■ **Exercise requirements**:
Return the full set of entries precisely. Do not carry over any pictures.

■ **Material to process**:

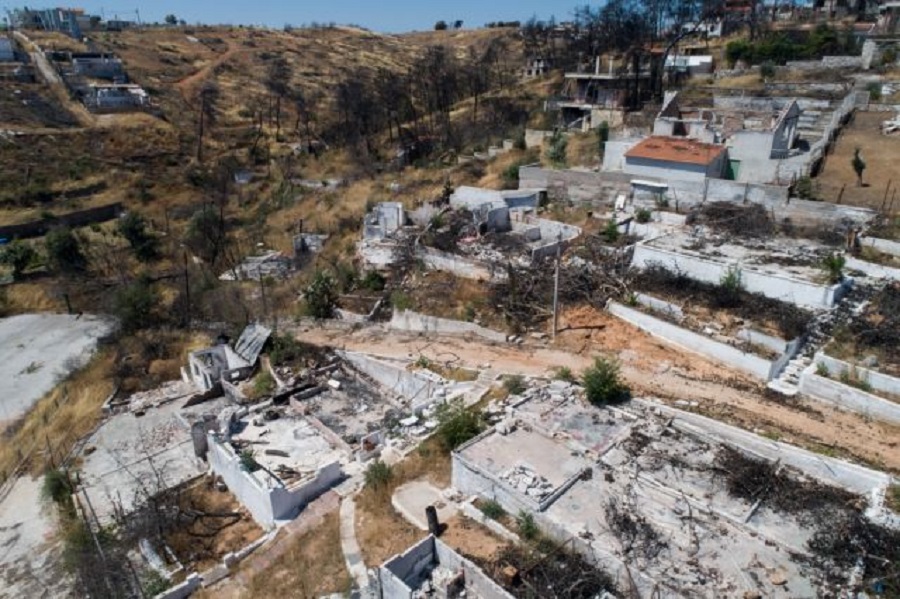 Μάτι: 19 μήνες μετά παλεύουν ακόμα με τη γραφειοκρατία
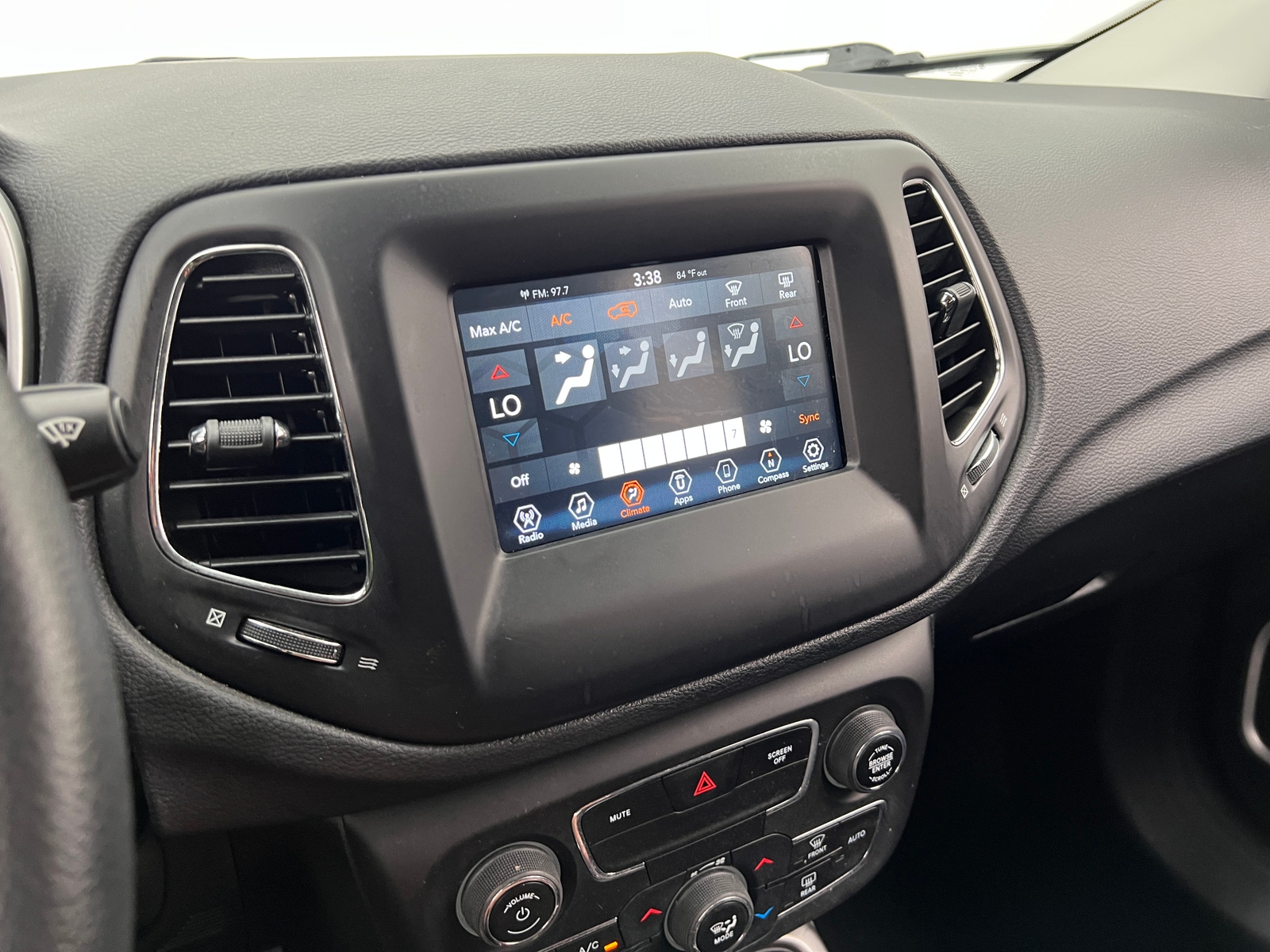 Thumbnail: 2019 Jeep Compass - 4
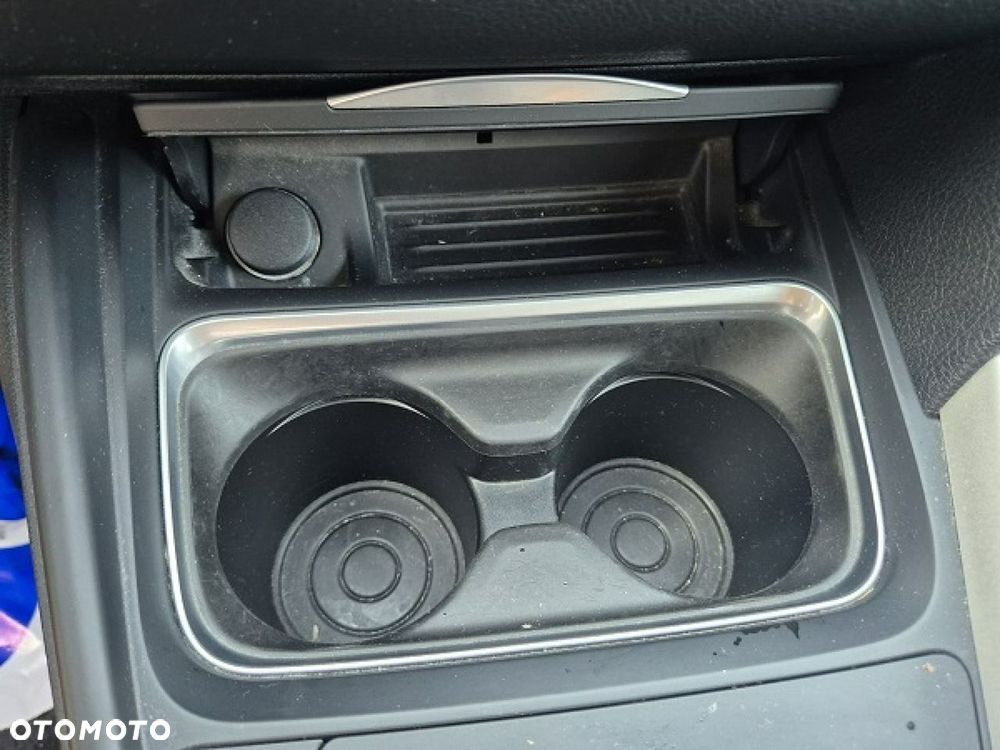 BMW Seria 3 - 35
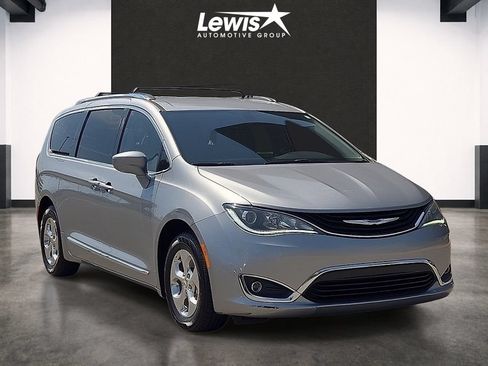 Used 2019 Chrysler Pacifica Touring-L FWD image 6
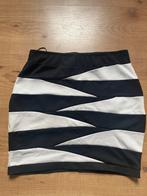 Dames Rok Zwart-Wit Maat 40 merk Amisu, Maat 38/40 (M), Zwart, Ophalen of Verzenden, Gedragen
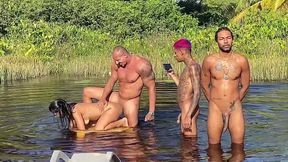 corno manso nao aguenta ver esposa sendo fodida no pelo por outro cara e chora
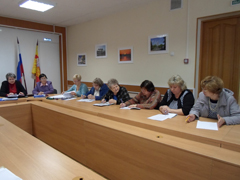 В управе Центрального района рассмотрели итоги работы управляющих компаний за 2015 год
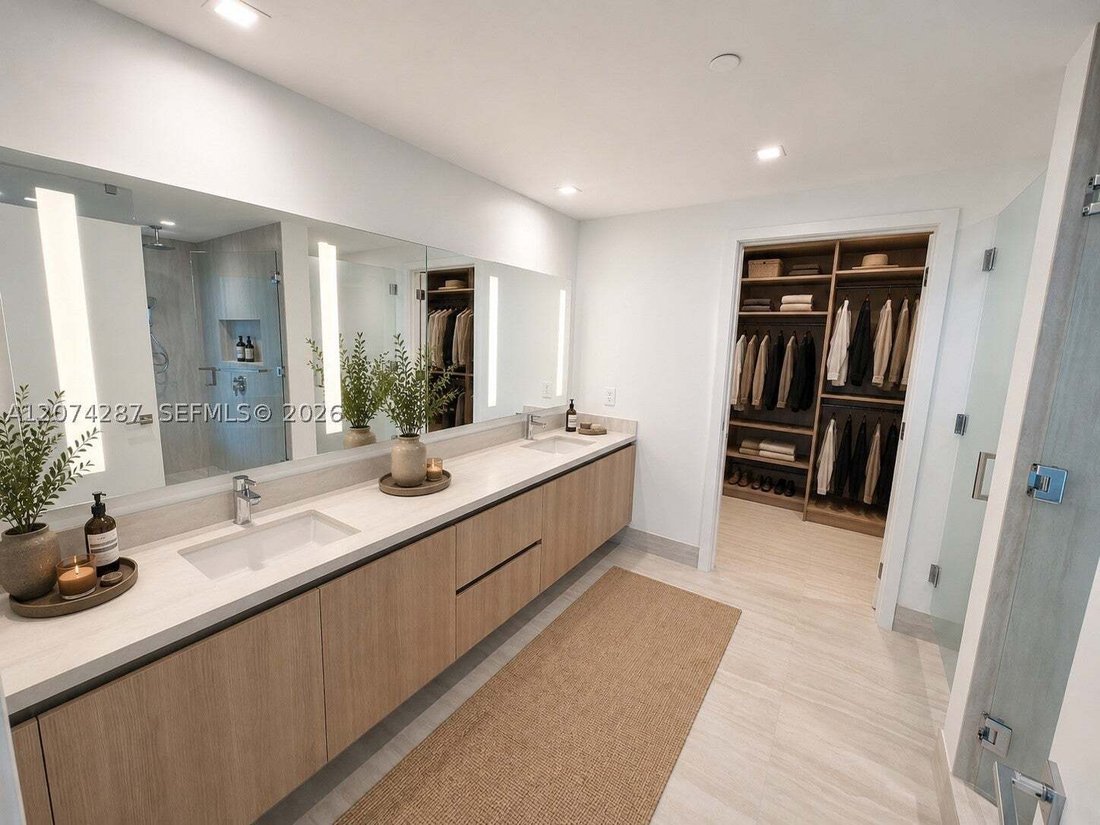 Condo in North Miami Beach, Florida, United States 4 - 18689988
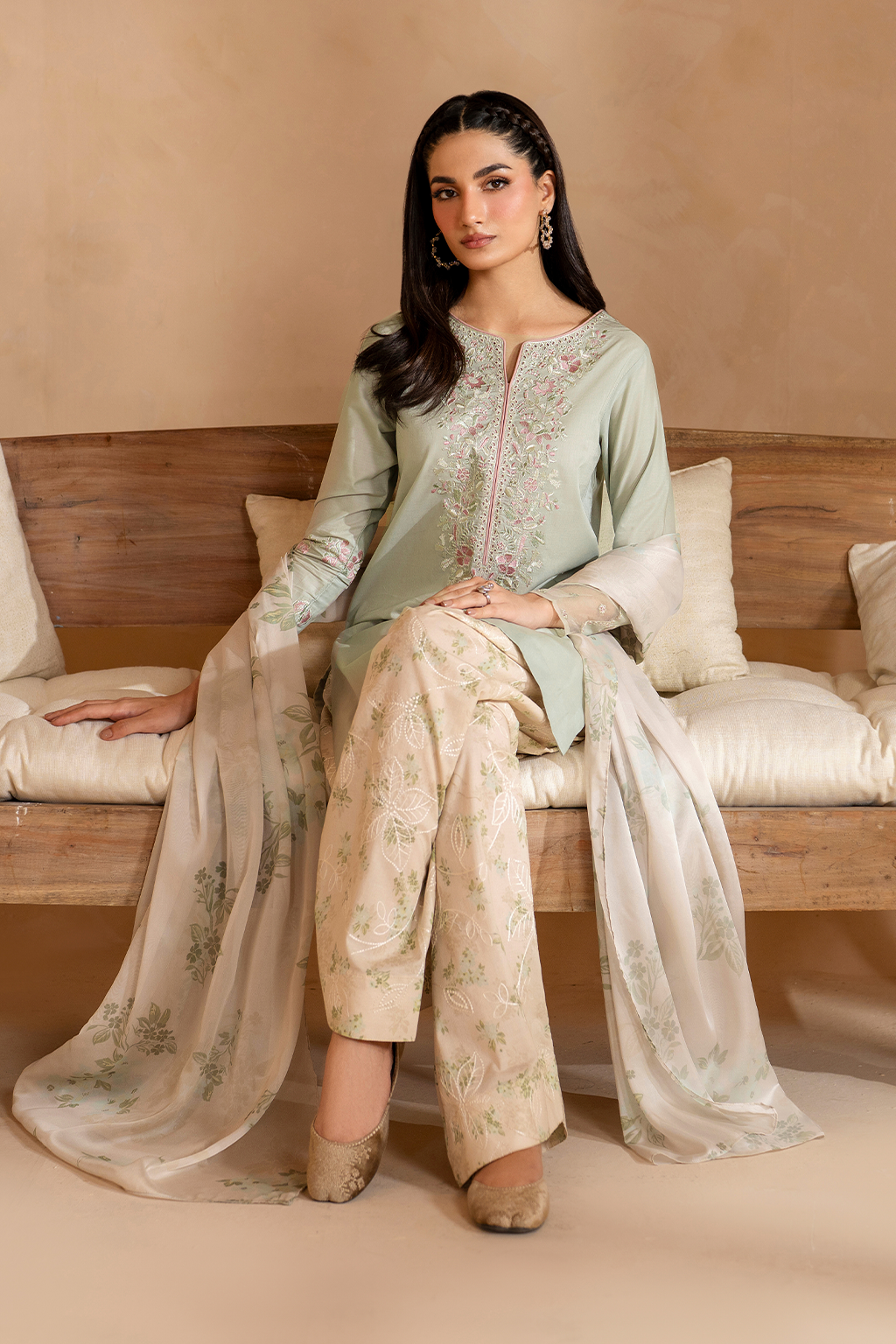 IZNIK UE-472 EMBROIDERED LAWN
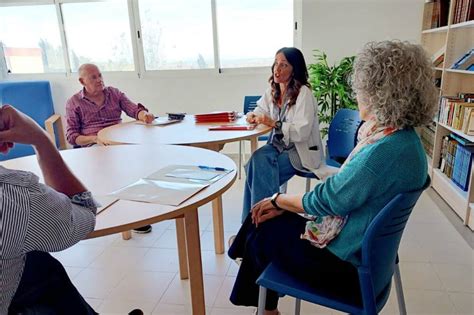 fotografía de cuidadores interactuando en un taller de capacitación o recibiendo material de apoyo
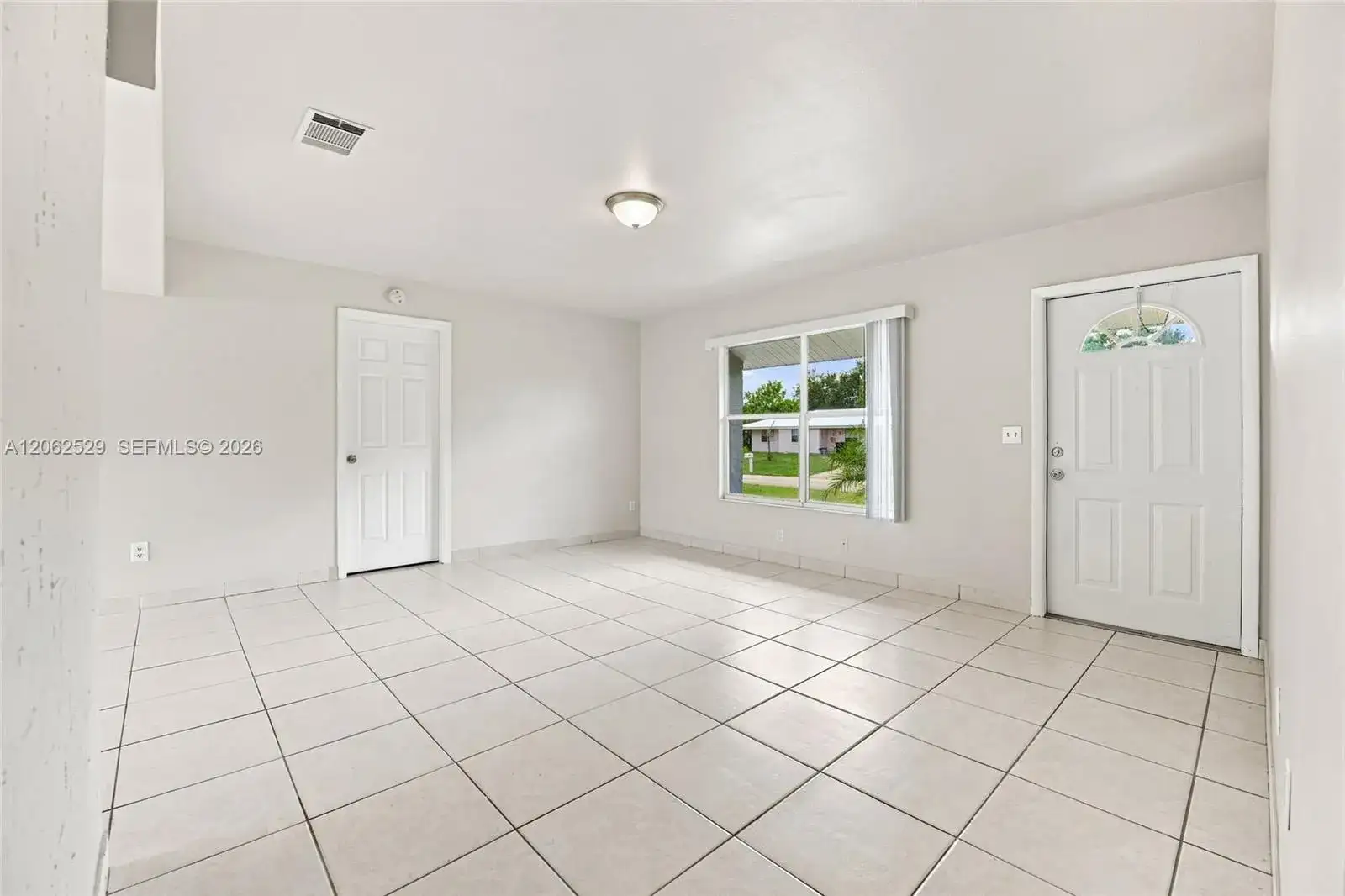 205 SW Kentwood Rd, Port St. Lucie FL 34953 photo 5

■ **Response for this exercise**:
 Μάτι: 19 μήνες μετά παλεύουν ακόμα με τη γραφειοκρατία
 Thumbnail: 2019 Jeep Compass - 4
 BMW Seria 3 - 35
 Used 2019 Chrysler Pacifica Touring-L FWD image 6
 Dames Rok Zwart-Wit Maat 40 merk Amisu, Maat 38/40 (M), Zwart, Ophalen of Verzenden, Gedragen
 corno manso nao aguenta ver esposa sendo fodida no pelo por outro cara e chora
 В управе Центрального района рассмотрели итоги работы управляющих компаний за 2015 год
 Condo in North Miami Beach, Florida, United States 4 - 18689988
 IZNIK UE-472 EMBROIDERED LAWN
 fotografía de cuidadores interactuando en un taller de capacitación o recibiendo material de apoyo
 205 SW Kentwood Rd, Port St. Lucie FL 34953 photo 5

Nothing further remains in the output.